Looking for a problem...
I'm trying to find out if the following problem is already well-known in computer science...
Consider 2×N politicians and N TV channels. We would like to compute a schedule for N time slots such that:
- During each time slot, each TV channel broadcasts a live debate featuring exactly two politicians. This means that for each time slot, each politician appears on exactly one channel.
- At the end of the N slots, each politician has appeared on all channels. This means that for each politician, each channel is scheduled to exactly one time slot.

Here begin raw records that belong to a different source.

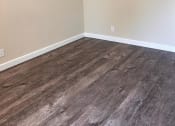 Thumbnail 35 of 36 - an empty room with wood floors and white walls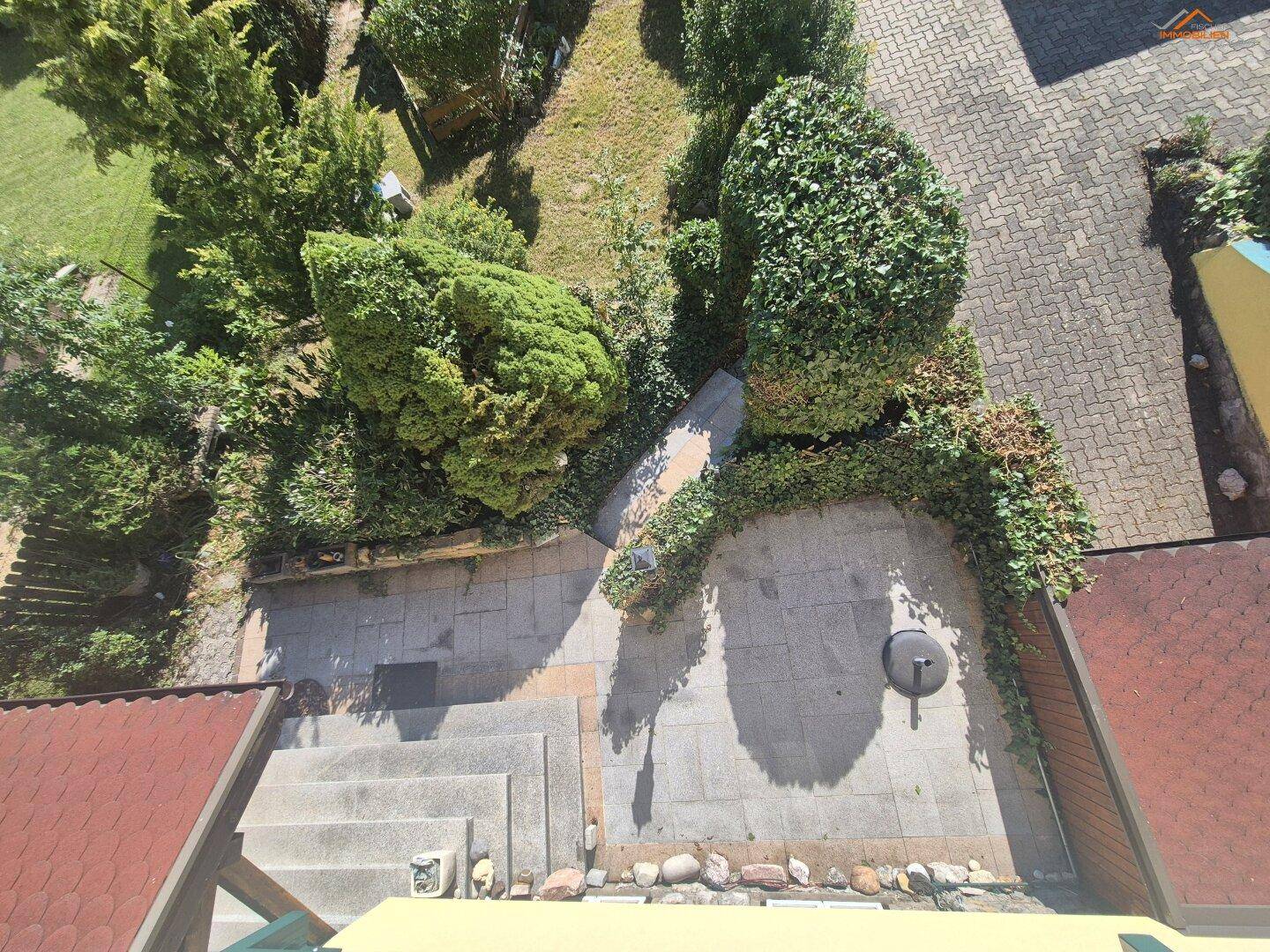 Blick von oben auf einen gepflasterten Terrassenbereich mit Steinstufen und angrenzendem Garten.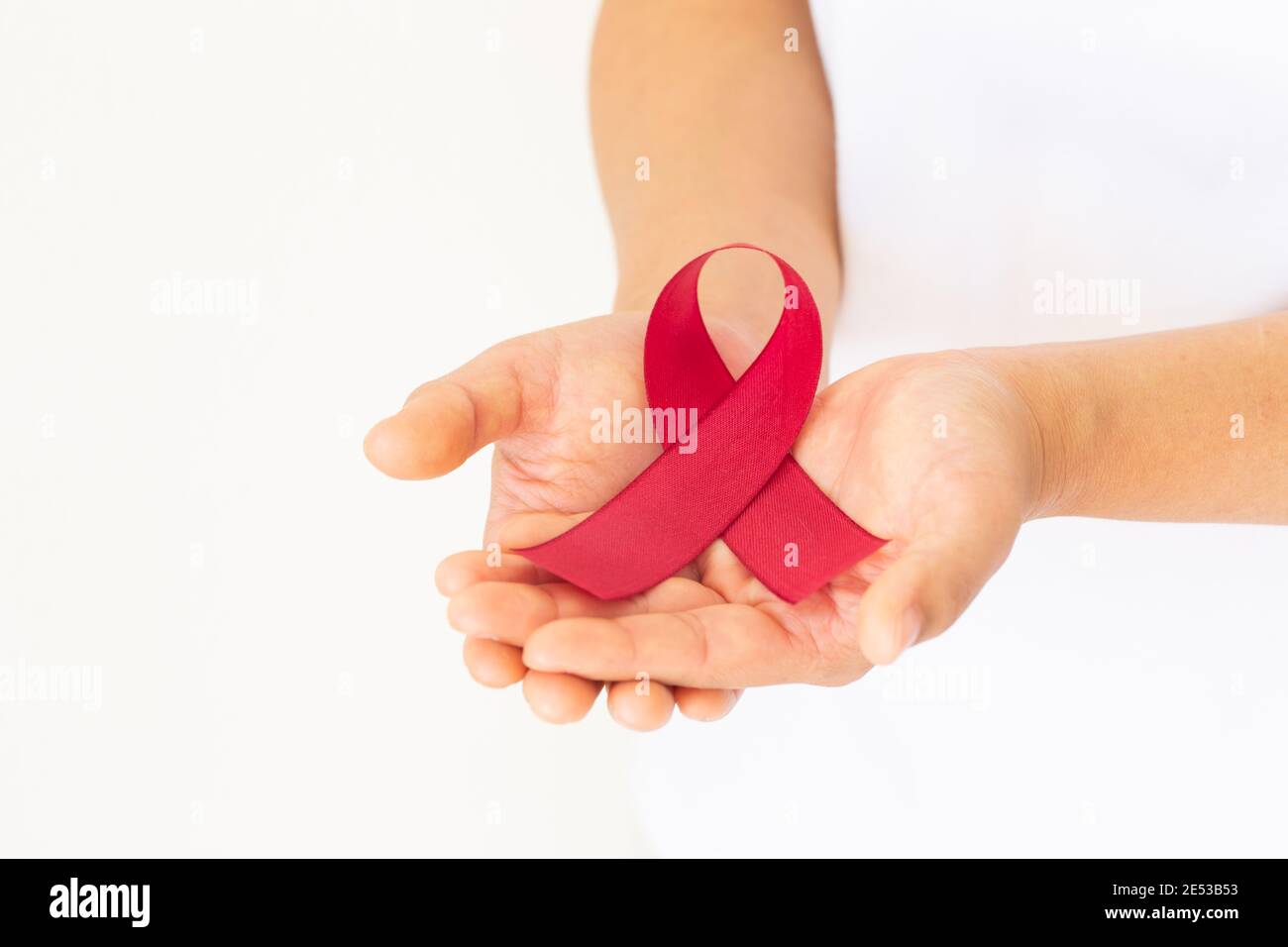 Hands holding red ribbon on white fabric with copy space, symbol for ...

- No couple of politicians debated more than once. In other words, over all the debates which took place, each featured a different couple of politicians. [Notice that, since there are 2×N choose 2 couples of politicians and only N×N debates (one debate on each of the N channels for every of the N time slots), some couples of politicians will never debate.]
This problem is quite simple and has occurred at least once in practice (thanks Yannick!), so I'm wondering if it has already been studied. Maybe it is well-known, but under some weird name ("Martian elimination problem"? "Yannick's mother's problem"?), or maybe it is just a special case of some well-known generic problem. (I tried to find a simple graph-theoretic formulation, for instance, but failed.)
Actually, it seems that this is very similar to Kirkman's schoolgirl problem and the Social Golfer problem: to be more precise, I think that my problem is the social golfer problem for g = N, s = 2 and w = N.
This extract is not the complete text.